The next person to use the Twirl filter deserves a kicking

Filter trips

Adobe Photoshop Filters

Plug-ins or 'filters'

Arguably more important still to Photoshop’s emerging dominance throughout the 1990s was its Plug-ins. Right from version 1.0, Tom and John Knoll had devised a number of peculiar image manipulation effects they called “filters”.

To call them a mixed bag is an understatement: alongside useful things such as Gaussian Blur and Sharpen were dreadful functions for ruining your images, such as Twirl, Wave, Ripple, Lens Flare and the utterly useless Find Edges.

Adobe hated them and wanted them taken out. The Knolls were fond of them and managed to keep them hidden from the core code by building a plug-in architecture so that the filters could be added and removed as individual Plug-in files sitting in a Plug-ins sub-folder.

The brothers were subsequently proved right. That is, their dreadful Plug-ins remained dreadful, but the Plug-in architecture unexpectedly produced a vast third-party market for Plug-in providers. The late 1990s and early noughties turned Plug-in designers such as Kai Krause into industry celebrities with the kind of rock-star status only otherwise seen in the IT field in game development.

Adobe Photoshop 7 file browser

The File Browser from version 7.0 was later extracted and eventually became Adobe Bridge

At this stage, Photoshop had no one left to compete with: it was an automatic purchase and an inevitable upgrade. So Adobe took the next corporate step, leveraging Photoshop ownership to lock in casual users of its other application software. Creative Suite was born in 2003 with the implicit message: you can buy Photoshop on its own for £500, but for £700 you can have everything: InDesign, Illustrator, Acrobat – the lot.
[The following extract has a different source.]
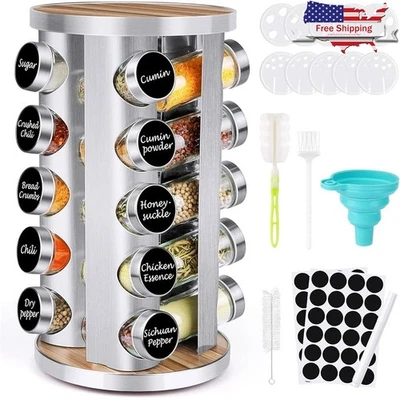 20 frascos de especias vacíos giratorio de 360 grados con etiquetas y embudo hágalo usted mismo nuevo Foto 1 de 4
Given that everyone in print, online and even film and animation production would purchase Photoshop without question, the offer of getting the whole Adobe design shebang for a couple of hundred smackers extra was compelling to say the least. In a curious exercise in marketing dominoes, then, it could be said that the once-universal page layout package of the 1980s and 1990s, QuarkXPress, wasn’t killed off by its direct competitor InDesign, but by Photoshop.
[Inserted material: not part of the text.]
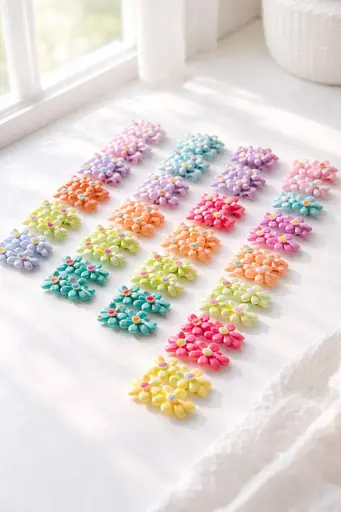 Набір шпильок кліпс для волосся з квітковим декором 20 шпильок - фото 1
Adobe Photoshop 3D image mapping

Mapping flat images onto virtual 3D surfaces in other flat images using Photoshop CS2

After six releases of Creative Suite, which saw Photoshop acquire everything from 3D editing to timeframe animation, Adobe effectively allowed Photoshop to be unbundled from the suite soon after it relaunched the suite as Creative Cloud in 2013.

Six years earlier, the company had brought out a specialised program called Photoshop Lightroom just for professional photographers, to compete with Apple’s Aperture. A trial bundle of Photoshop and Lightroom proved so popular with buyers that the pair can now be purchased on a relatively cheap (£9/month) Creative Cloud Photograph subscription independently of the full Creative Cloud Complete sub (normally £47/month).
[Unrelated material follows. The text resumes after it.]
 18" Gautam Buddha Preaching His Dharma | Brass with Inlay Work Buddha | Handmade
Adobe Photoshop Creative Cloud

Photoshop CC: big, black and proud, although the ‘dark interface’ isn’t everyone’s cup of tea

The immediate future development for Photoshop revolves around iOS handheld devices. Being able to paint and retouch images on a tablet always looks good in demos, which tends to make you think it’s all PR nonsense and hype, but Adobe’s focus on gesture responsiveness in combination with its mysterious Ink iPad stylus and Slide ruler mean it can’t be dismissed as a side project – at least, not yet. If anything, Adobe’s work in this area is starting to come together at last across several CC applications, with Photoshop at the forefront.

This doesn’t mean you have to be happy about it. In fact, you might loathe Adobe’s corporate shouldering of competitors and the hint of smugness you perceive as the company gets you to renew your never-ending, drip-drip CC contract when all you wanted to do was buy a software program and keep it because it’s yours and you paid for it. You might even want to have a go at the bloat that has arguably begun to show around the waistline of certain CC apps.

Stella Artois: Queens Tennis Championship. Artwork by stevecaplin.com for The Guardian

Award winning Stella Artois: Queens Tennis Championship ad
Artwork courtesy of Steve Caplin

The thing is, Photoshop isn’t one of them. With each new release, even if you’re not interested in seeing more new features, Photoshop gets better at what it already does, in many cases actually getting faster every time. For some people, it’s a wacky toy you read about online in the Daily Fail. But for those who use it, it’s essential and irreplaceable, universal and unlimited, both a product and a verb.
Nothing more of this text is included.